▸ **MATERIAL PROVIDED**:
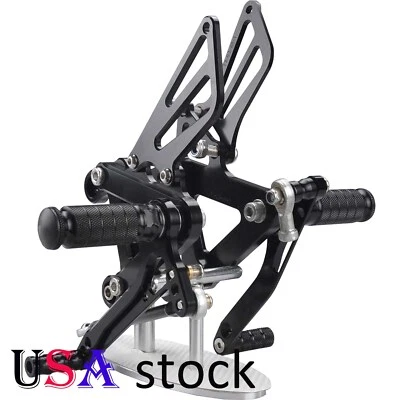 US Black Rearsets Adjustable Foot Pegs For Kawasaki ZX6R ZX9R 99-02 ZZR600 - Image 1 of 4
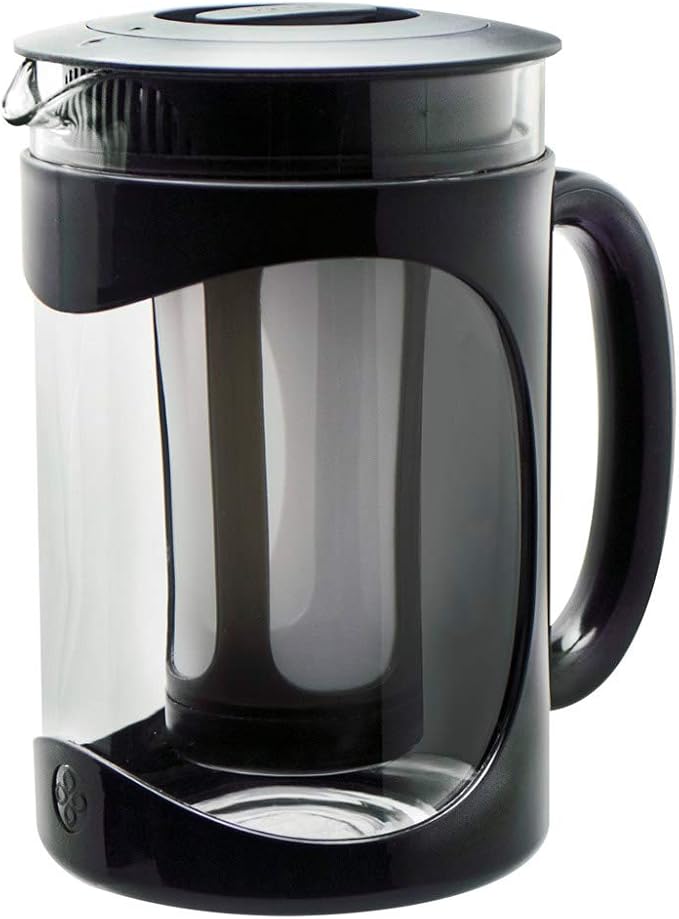 Primula Burke Deluxe Cold Brew Iced Coffee Maker, Comfort Grip Handle, Durable Glass Carafe, Removable Mesh Filter, Perfect 6 Cup Size, Dishwasher Safe, 1.6 qt, Black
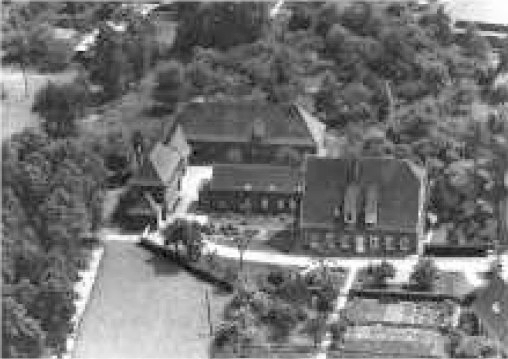 Luftbild des ehemaligen Krankenhauses in Rinkerode von ca. 1950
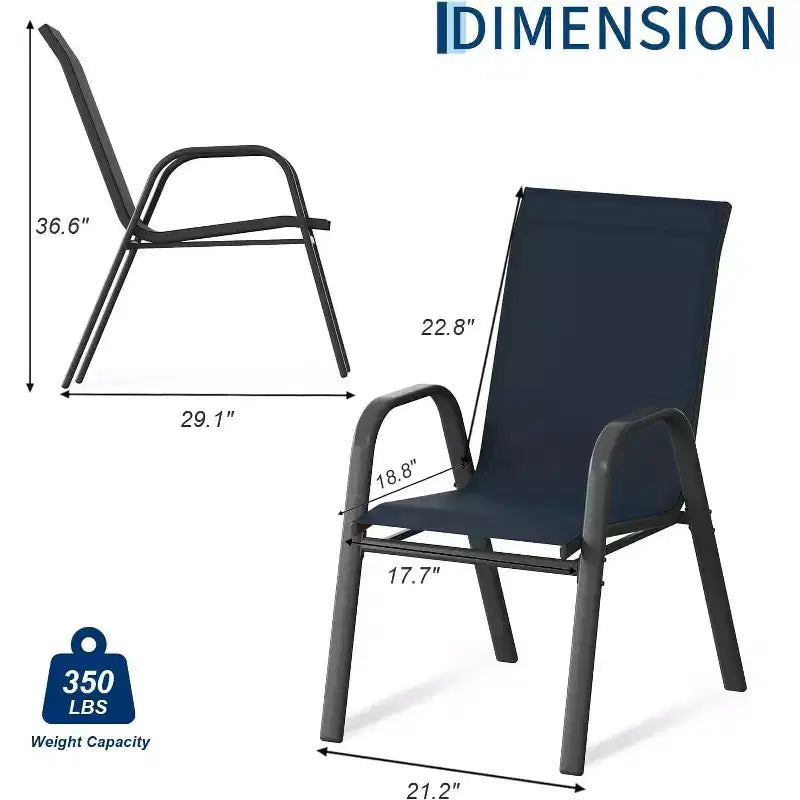 Sedie da patio, Set di 4/6 sedie da pranzo impilabili per esterni in textilene leggero per tutte le stagioni con braccioli per cortile, bordo piscina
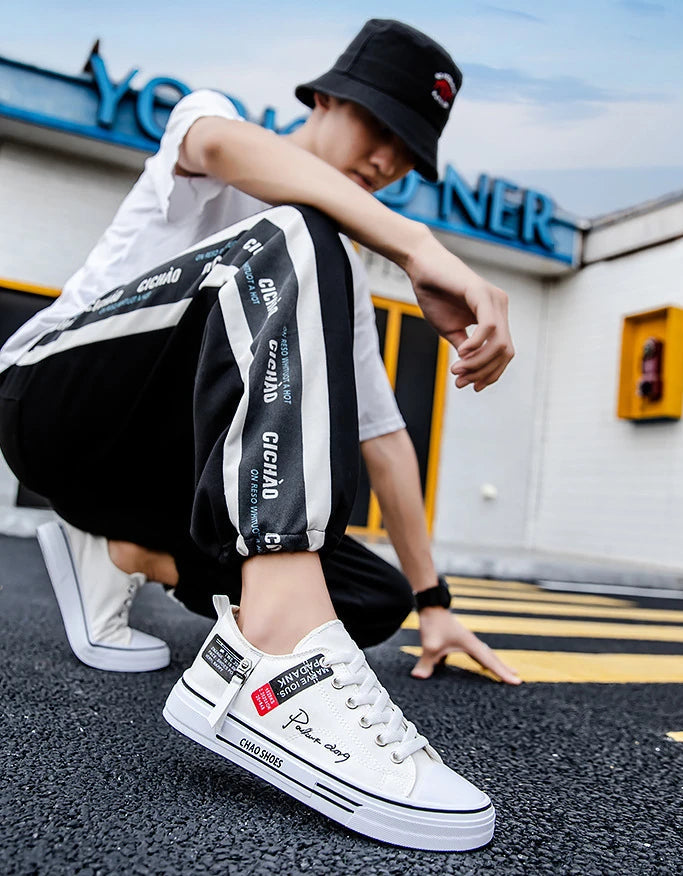Men's Summer Canvas Sneakers: Low-Top, Breathable, Trendy Sneakers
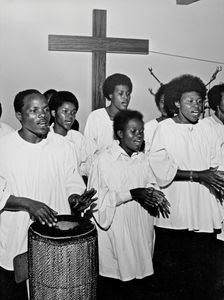 Gudstjeneste i Den Presbyterianske Kirke i Kigali, Rwanda 1986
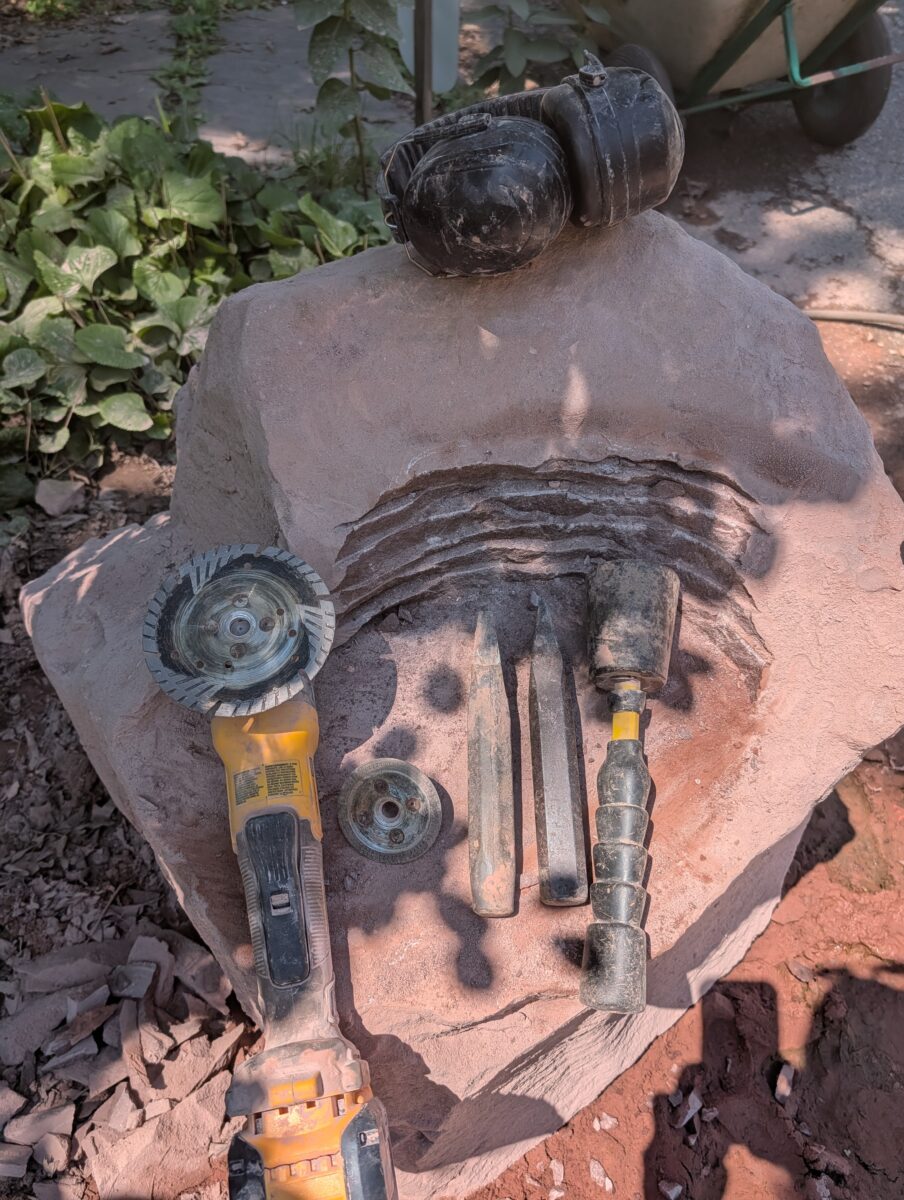 carving a functional stone sculpture chair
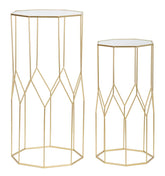 Mesas cuadradas de metal dorado con tablero de cristal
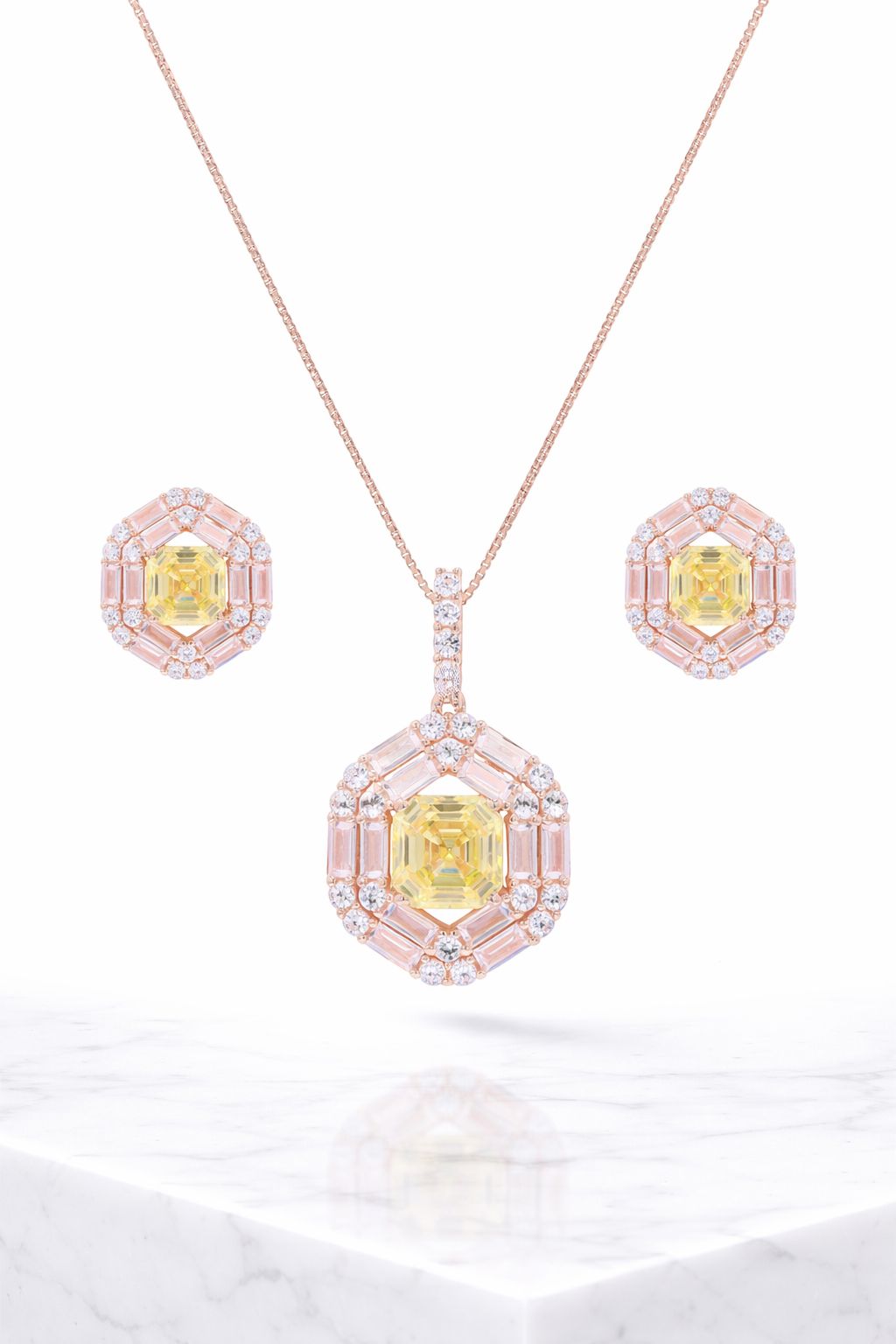 Rose Gold Finish Double Baguette Cluster Bravia Pendant Set with Yellow Asscher Cut Diamond on Pure 925 Silver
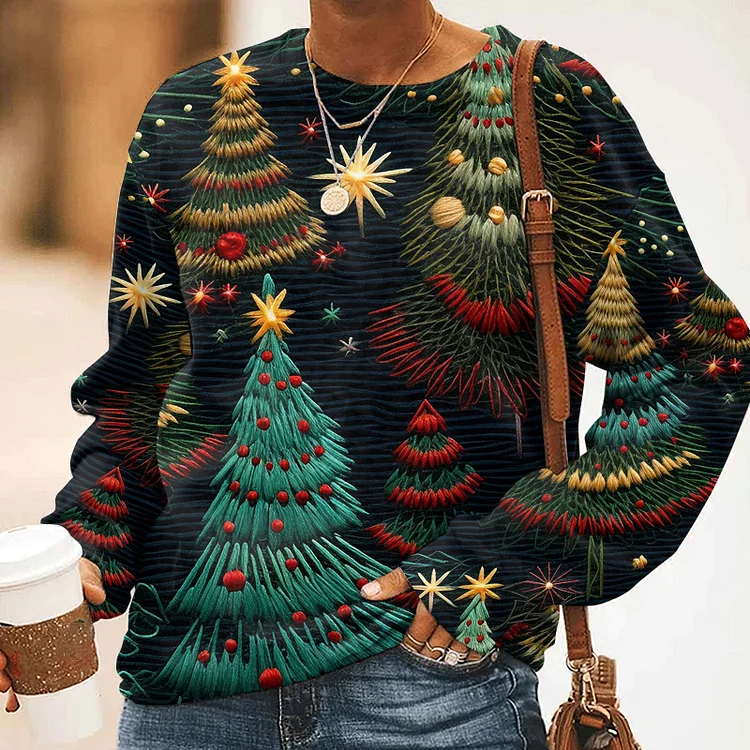 Retro Glitter Christmas Tree Print Casual Sweatshirt
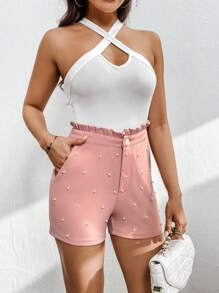 SHEIN Privé Pantalones cortos de mujer de unicolor con decoración de perlas para el Día de San Valentín - Rosa vieja - Ver 3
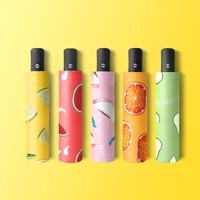 Paraguas Plegable de Nailon 190T, Moderno, Compacto, Totalmente Automático, Resistente a los Rayos UV, con Diseño de Frutas, Personalizado al por Mayor para Promoción de Viajes
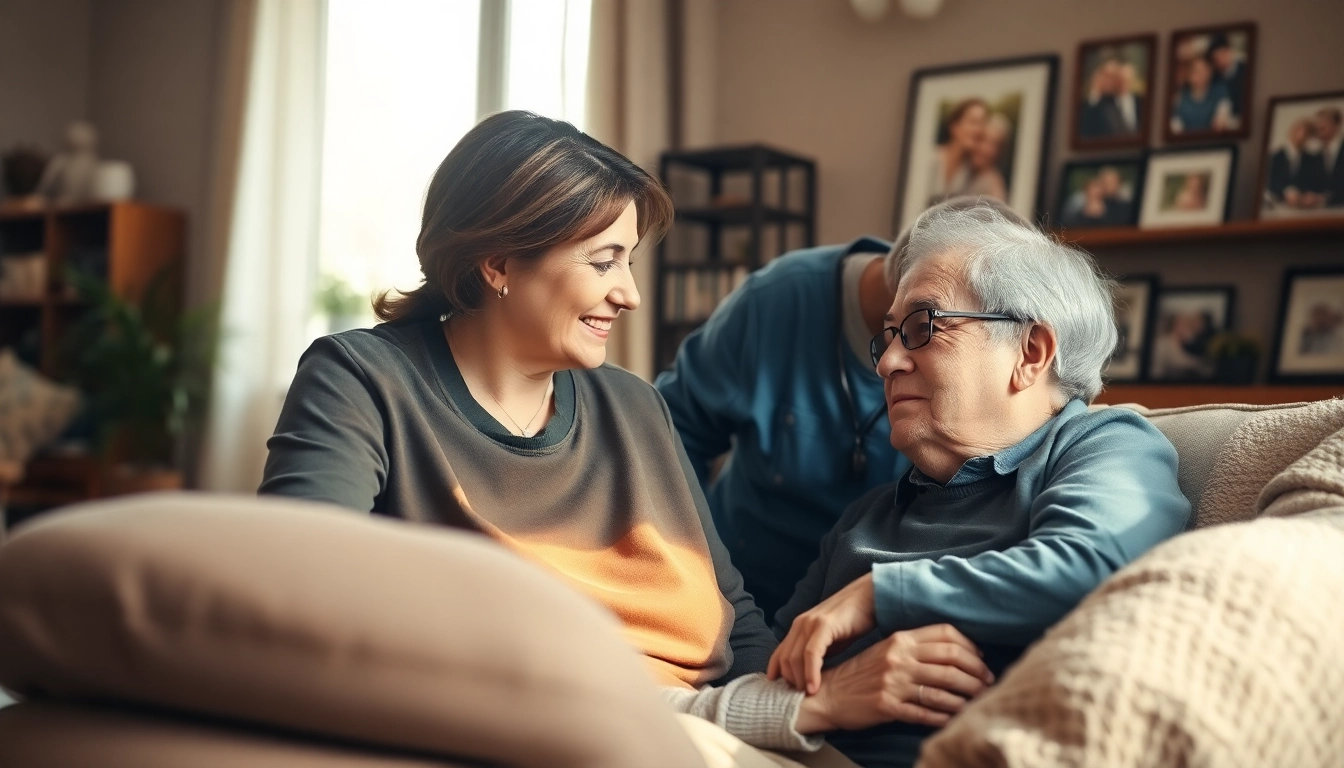 Elderly in home care near me: Compassionate caregivers support elderly clients in a warm, inviting environment.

▸ **REQUIRED WORK**: Output the listing unchanged, pictures excluded.

▸ **SOLVED PROBLEM**:
 US Black Rearsets Adjustable Foot Pegs For Kawasaki ZX6R ZX9R 99-02 ZZR600 - Image 1 of 4
 Primula Burke Deluxe Cold Brew Iced Coffee Maker, Comfort Grip Handle, Durable Glass Carafe, Removable Mesh Filter, Perfect 6 Cup Size, Dishwasher Safe, 1.6 qt, Black
 Luftbild des ehemaligen Krankenhauses in Rinkerode von ca. 1950
 Sedie da patio, Set di 4/6 sedie da pranzo impilabili per esterni in textilene leggero per tutte le stagioni con braccioli per cortile, bordo piscina
Men's Summer Canvas Sneakers: Low-Top, Breathable, Trendy Sneakers
 Gudstjeneste i Den Presbyterianske Kirke i Kigali, Rwanda 1986
 carving a functional stone sculpture chair
 Mesas cuadradas de metal dorado con tablero de cristal
 Rose Gold Finish Double Baguette Cluster Bravia Pendant Set with Yellow Asscher Cut Diamond on Pure 925 Silver
 Retro Glitter Christmas Tree Print Casual Sweatshirt
 SHEIN Privé Pantalones cortos de mujer de unicolor con decoración de perlas para el Día de San Valentín - Rosa vieja - Ver 3
 Paraguas Plegable de Nailon 190T, Moderno, Compacto, Totalmente Automático, Resistente a los Rayos UV, con Diseño de Frutas, Personalizado al por Mayor para Promoción de Viajes
 Elderly in home care near me: Compassionate caregivers support elderly clients in a warm, inviting environment.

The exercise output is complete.